Nonetheless, this strategy is feasible provided that there’s an lively CDS marketplace for the foreign money. In case of its absence, he presents another — use the CDS unfold of a equally rated sovereign. India’s sovereign ranking by Moody’s is Baa3, and the CDS unfold for a Baa3-rated authorities bond then was about 2.09 per cent. Subtracting this from the Indian 10-year yield provides a risk-free fee of 4.87 per cent (6.96 minus 2.09).
Since we depend on Damodaran’s dataset (accessible persistently since 2001), we use this second strategy in our evaluation. Hyperlink to dataset > Threat Premiums for Different Markets.
Fairness threat premium
ERP (Rm – Rf) measures the extra return traders demand from equities over the risk-free fee. A easy strategy to estimate Rm is to make use of historic fairness returns, however this assumes the future will replicate the previous.
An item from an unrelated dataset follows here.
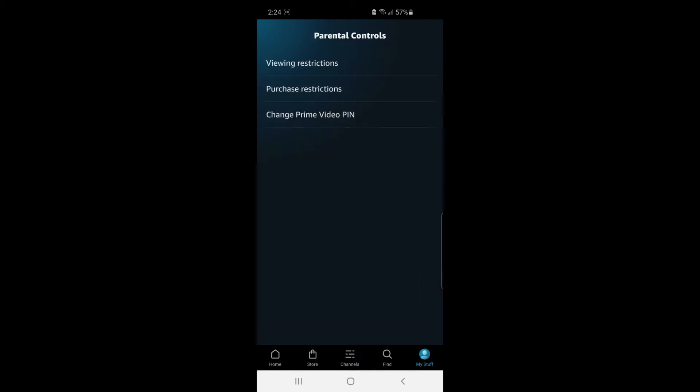And then if you want to put on Viewing Restrictions, select Viewing Restrictions. It will open this browser window here, and you'll have to sign into your account. So I'm going to do that now.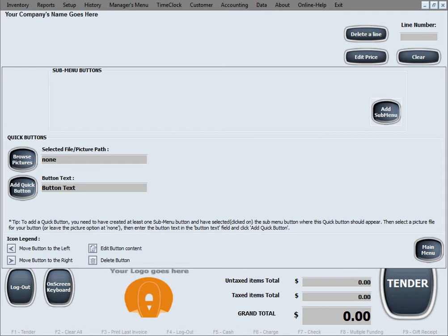We'll now create some buttons as an example for some soft drinks, and we'll be using some pictures for them. Keep in mind that pictures are totally optional — you can just create buttons without pictures in your business.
Damodaran as an alternative adopts a forward-looking strategy, computing an inside fee of return that reductions future money flows (dividends and buybacks) of a broad market index to its present degree.
Damodaran treats ERP as a sum of two unbiased parts:
(A) Mature market ERP — compensation for inherent threat of equities, no matter geography
(B) Nation threat premium — compensation for working in a particular market or geography
For the mature market, he makes use of the US and the S&P 500 as a result of the index presents strong historic knowledge and liquidity. Nonetheless, since Could 2025, the US is now not an Aaa-rated sovereign and has been downgraded to Aa1. Yet Damodaran sticks to the S&P 500 with a minor extra adjustment for this ranking downgrade, as there isn’t any equal broader market index in different Aaa-rated nations.
Allow us to stroll by how he calculates ERP for an rising market like India, as of April 1, 2026, as an illustration.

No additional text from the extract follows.